Some of this merch is clearly pandering to today’s millennial breed of ironic humor: For an April Fool’s Day ploy, Arby’s and Warby Parker merged unlikely forces and actually sold meat-inspired glasses frames, while Auntie Anne’s 30th anniversary collection includes a pretzel shower curtain. Other joint ventures, like Coca-Cola’s collaborations with A Bathing Ape and KITH, are obvious bait for hypebeasts, trend-obsessed streetwear obsessives hungry to scoop up limited-release items for their collections (or to fetch inflated resale prices).
But these food-fashion ventures are ultimately all about marketing.
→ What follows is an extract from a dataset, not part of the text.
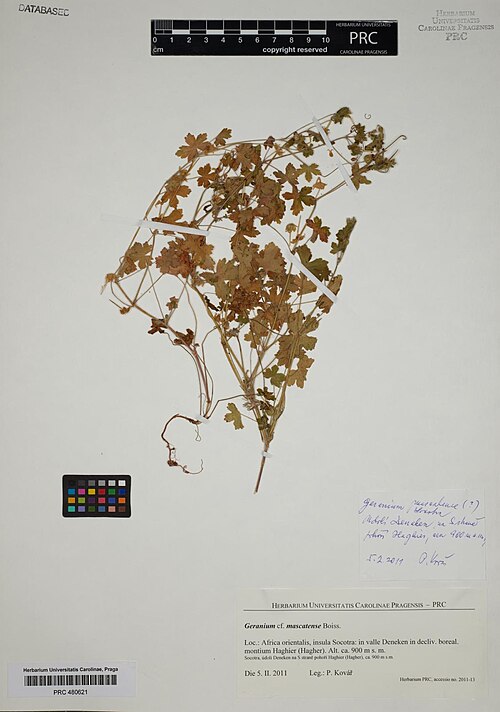 Geranium mascatense: Geranium mascatense — Herbarium specimen from Loc., Africa orientalis, insula Socotra, in valle Deneken in decliv. boreal. montum Haghier (Hagher). Alt. ca. 900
Marketing research has repeatedly found that millennials are disconnected from traditional advertising, meaning brands have had to devise alternative ways of reaching the giant demographic. “It’s not advertising that’s interruptive — we’re just sharing something,” says Steve Kelly, director of media and digital for KFC U.S., of the brand’s recent fashion line, noting that the collection got people excited to wear the brand like a “bunch of walking billboards.”
Debuting a line of clothing or sneakers seems to be a guaranteed way for brands from Dunkin’ Donuts to Milk Bar to generate both social media hype and coverage from more traditional media outlets — and such collabs hit a sweet spot that can land them valuable bits of editorial real estate from both fashion-forward publications like Esquire and Hypebeast, as well as food websites like Eater or Food & Wine.
Ultimately, these food-fashion collaborations can do triple duty: by serving as new sources of revenue for the brands, attracting a dose of fresh publicity, and turning fans into moving advertisements. Even items that are never made available for sale to the public, like Arby’s “Meat Sweats” — hoodies and sweatpants adorned with zoomed-in imagery of roast beef and other proteins — generate valuable cultural cache for the brands involved.
“The biggest power we think you can have as a brand is becoming more synonymous with culture,” says Kelly of KFC. “Think about fried chicken — being bold enough to put ‘Fried Chicken USA’ on a sweatshirt and think people would see that and think about [your brand]. That’s powerful.”